Crédito: Divulgação Cena de "The Square", do sueco Ruben Östlund; longa recebeu a Palma de Ouro no Festival de Cannes
Cena de "The Square", do sueco Ruben Östlund; longa recebeu a Palma de Ouro no Festival de Cannes

Assisti esta semana ao excelente filme "The Square" e um diálogo em particular me fez ter vontade de voltar ao temido (tão polêmico quanto delicado) tema dos jogos de poder na hora do sexo. Uma jovem jornalista americana, aparentemente bem resolvida com os anseios de sua libido, certamente envolvida nos preceitos feministas e interpretada pela sempre brilhante Elisabeth Moss, acusa o protagonista, um celebrado curador de museu em Estocolmo, afirmando que ele faz uso de seu prestígio e fama para conquistar (transar com muitas) mulheres. Ele então responde: "e não foi justamente o meu poder que te seduziu?".

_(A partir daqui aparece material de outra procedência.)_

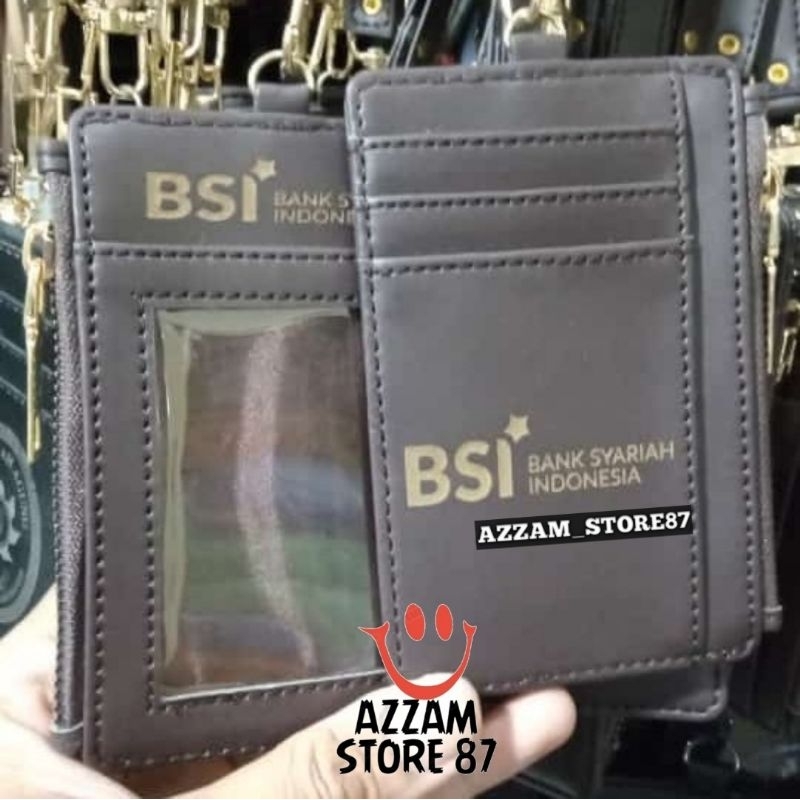 

ID Card Holder Tali Lanyard Name Tag Model Dompet Terbaru Logo BSI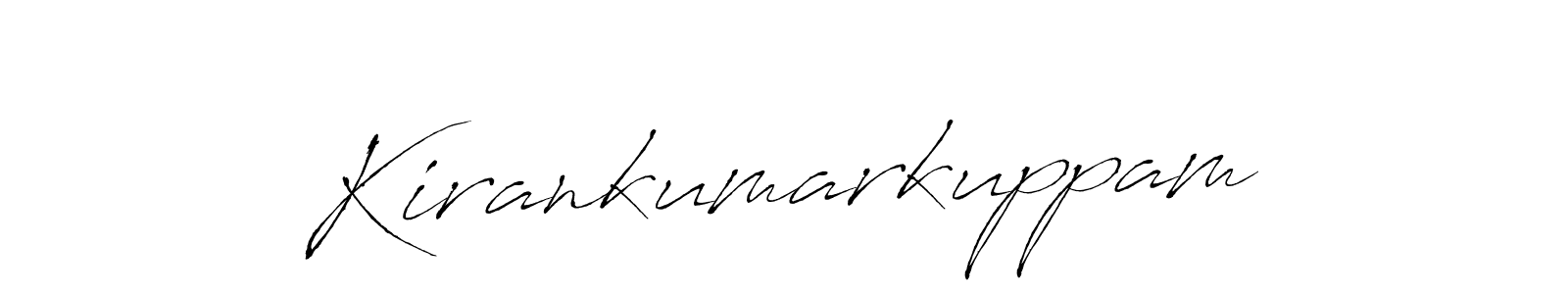 You should practise on your own different ways (Antro_Vectra) to write your name (Kirankumarkuppam) in signature. don't let someone else do it for you. Kirankumarkuppam signature style 6 images and pictures png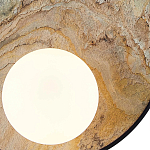 Бра круглое с каменным диском в металлической раме Sandstone Painting варинант исполнения - 3 | Loft Concept в Орле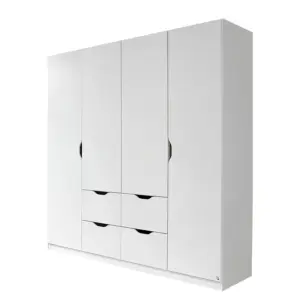 ⁦Freham wardrobe with natural wood door⁩ - الصورة ⁦3⁩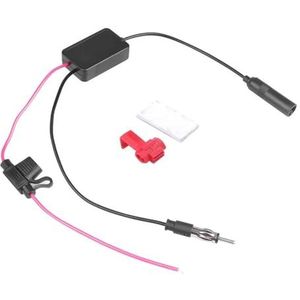 3-in-1 12V antenne SMA-versterker DAB FM AM autoradio anti-interferentie versterker signaalversterker antenne 76-108 MHZ voor marineboten(FM Amplifier)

Ela, que sensualiza livremente com o que lhe interessa, que parece segura de seu fetiche, que parece entender que "nossa, que homem foda, preciso dar pra ele agora" é também objetificar o outro (e 1 - qual o problema? 2 - por que se ver como uma tadinha objetificada ao se entregar para o próprio desejo?) dias depois surge angustiada, tentando entender os motivos de uma não-relação interrompida. Se sentindo, de certa forma, abusada. Usada por aquele homem que sabia ter um enorme e irresistível falo quando na presença de uma "fã". Só lembrando que temos todo o direito de esperar ser amado quando oferecemos nosso corpo para palmadinhas deleitosas e previamente acordadas, só não podemos exigir esse amor acusando o outro de sadismo unilateral.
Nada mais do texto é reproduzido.